A rat eradication programme made the island pest-free again. New Zealand led the world in pest eradication.
Kevin says every decade, the land area that's been able to be made pest-free has increased 10-fold. In the 1990s it was Kapiti Island, 2000ha in all. In the 2000s it was Campbell Island, 11,300ha. New Zealand technology has eradicated rats from South Georgia Island in the southern Atlantic Ocean — 100,000ha.
Kevin says given the rate of increase of areas being made pest-free (rats, mice, weasels, stoats, ferrets and possums) it's feasible that by 2050 mainland New Zealand's 27 million hectares could be pest-free too.
"It's a big stretch, no question, but it's well within our reach. If you follow the maths you realise that every decade the largest area that we've been effective at eradicating rats has gone up by a factor of 10. If this carries on, and there's no reason why it shouldn't, then we should be doing 1 million hectares in the next decade somewhere in the world and then 10 million in the 2030s."
Kevin points to the example of the moon landing. In 1961, when JFK declared the USA had to send a man to the moon, the best the NASA had done was sent an astronaut into space for 15 minutes. Eight years later, it sent men to the moon and back. However, the rocket technology was fundamentally unchanged.
Kevin says the same thing generally applies to Predator Free. The fundamental tool — rat bait (brodifacoum) — has remained unchanged for nearly 60 years, but it's gone from hand-placed baits to helicopter delivery using buckets and GPS for precise placement.
"A lot of what we can do to go predator free is about perfecting it ... at this point in time we don't have to have a revolution in technology to make it work."
Kevin says what will be needed for successful mainland eradication will be ways of getting that very last pest, and that's the challenge scientists are working on, perhaps by using pheromones to attract them, or some other method that doesn't involve food.
The idea of making New Zealand totally predator free had been thrown around for years, but it wasn't until 2012 that Forest and Bird brought a range of experts and scientists together to discuss whether it was realistic.

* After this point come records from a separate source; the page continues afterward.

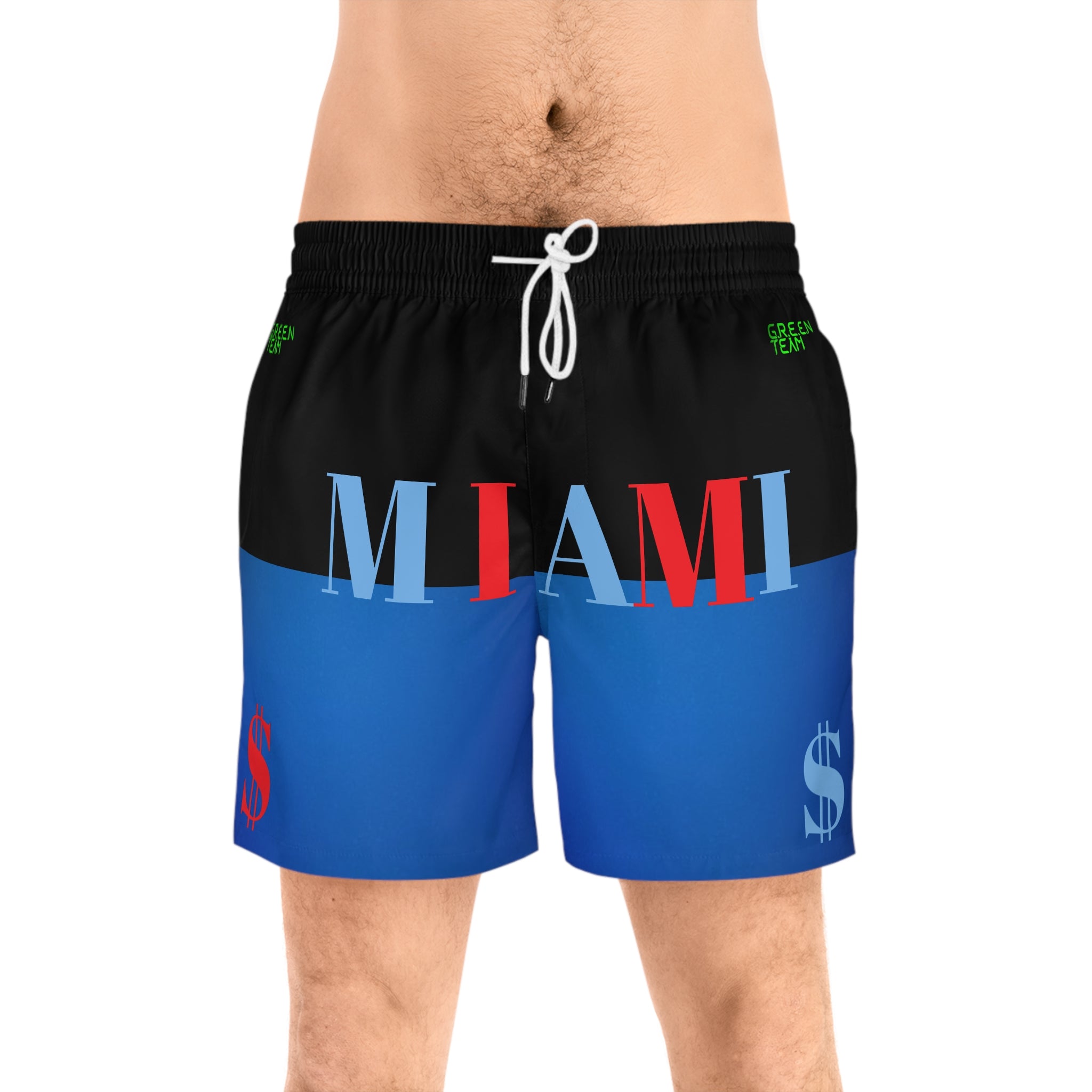Men's Mid-Length Swim Shorts (AOP)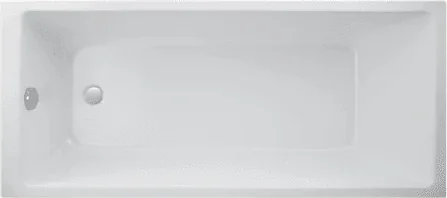 Duravit Sellem Bathtub 805888, 170 × 75 cm, Height 40 cm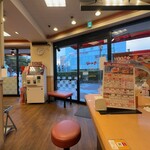 なか卯 - 店内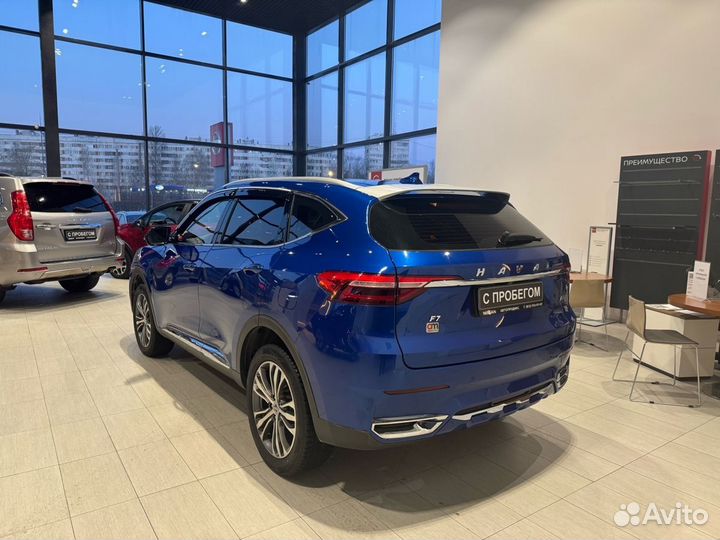 HAVAL F7 1.5 AMT, 2021, 63 000 км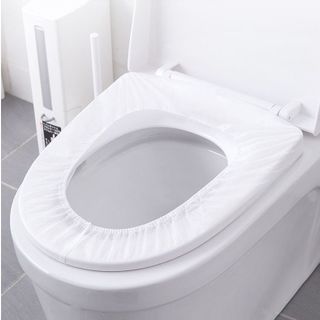 Tấm lót bồn cầu vải không dệt dùng một lần dày dặn, bệ ngồi bồn cầu du lịch khách sạn phòng vi khuẩn lây bệnh L1131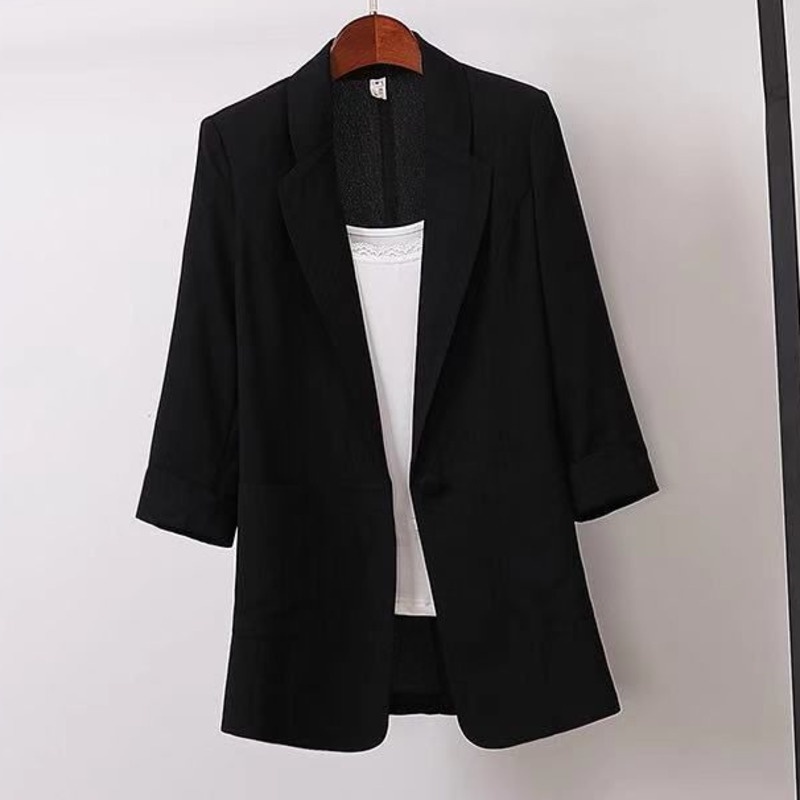 Áo Khoác Dạng Vest Phong Cách Thời Trang Size M-5xl Plus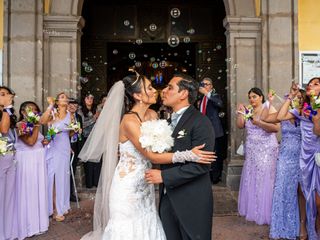 La boda de Mario y Karla
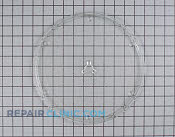 Glass Tray, Coupler & Support Roller - Part # 868892 Mfg Part # 15704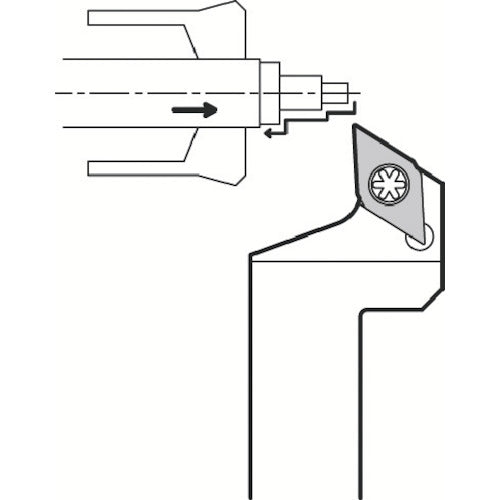 京セラ　外径・倣い加工用スペースホルダ　ＳＶＬＰ　SVLPR1216JX-11-F15　1 個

When each rat, stoat or possum expert agreed that yes, given unlimited resources and public acceptance, that it would be possible, the idea of Predator Free New Zealand 2050 was born.
"At that point, we realised that we weren't wasting our time," Kevin says. "What was really neat about that was the moment the possum expert said yes as well, there was an 'oh my God moment' and we realised suddenly that this theoretical idea was possible."
That meant a shift from thinking about controlling pests, by simply trying to keep the numbers down, to completely eradicating them all together.
It's an idea that people across the country are embracing, with thousands of members of community groups already spending their weekends doing pest control in local forests or catching pests in traps in their backyards and urban areas and public conversations occurring about responsible cat ownership.
Kevin says while some people are opposed to using poison to control pests, New Zealand's environment is unique, and we have a responsibility to protect it.
"Clearly using things like toxins, we have to use them really carefully, ethically, humanely and minimise environmental damage at all times, but it we can eradicate these species, that's a New Zealand free of toxins, we'll never have to do it again, but while we are in the [pest] management scenario it's going to go on forever. So we have the ability to end this problem and surely that's a great place to get to."
Kevin says while the bulk of the money for Predator Free New Zealand 2050 will need to come from central government, there are massive economic benefits to the country to becoming pest free.